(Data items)
○ ○ ○

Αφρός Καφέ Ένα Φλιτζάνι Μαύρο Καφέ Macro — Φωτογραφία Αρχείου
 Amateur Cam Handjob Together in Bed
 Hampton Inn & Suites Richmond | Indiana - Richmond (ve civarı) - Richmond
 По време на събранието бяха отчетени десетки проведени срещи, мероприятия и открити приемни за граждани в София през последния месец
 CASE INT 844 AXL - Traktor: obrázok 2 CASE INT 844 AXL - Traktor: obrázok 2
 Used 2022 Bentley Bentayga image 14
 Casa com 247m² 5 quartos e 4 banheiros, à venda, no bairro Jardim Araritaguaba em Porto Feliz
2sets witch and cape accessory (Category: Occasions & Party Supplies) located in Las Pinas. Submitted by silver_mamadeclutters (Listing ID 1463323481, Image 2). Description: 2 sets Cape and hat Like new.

○ ○ ○

§ **Task directions**
Starting at the line that contains "По време на" and ending at the last line of the data, repeat each line exactly; include nothing else.

§ **Result of this exercise**
 По време на събранието бяха отчетени десетки проведени срещи, мероприятия и открити приемни за граждани в София през последния месец
 CASE INT 844 AXL - Traktor: obrázok 2 CASE INT 844 AXL - Traktor: obrázok 2
 Used 2022 Bentley Bentayga image 14
 Casa com 247m² 5 quartos e 4 banheiros, à venda, no bairro Jardim Araritaguaba em Porto Feliz
2sets witch and cape accessory (Category: Occasions & Party Supplies) located in Las Pinas. Submitted by silver_mamadeclutters (Listing ID 1463323481, Image 2). Description: 2 sets Cape and hat Like new.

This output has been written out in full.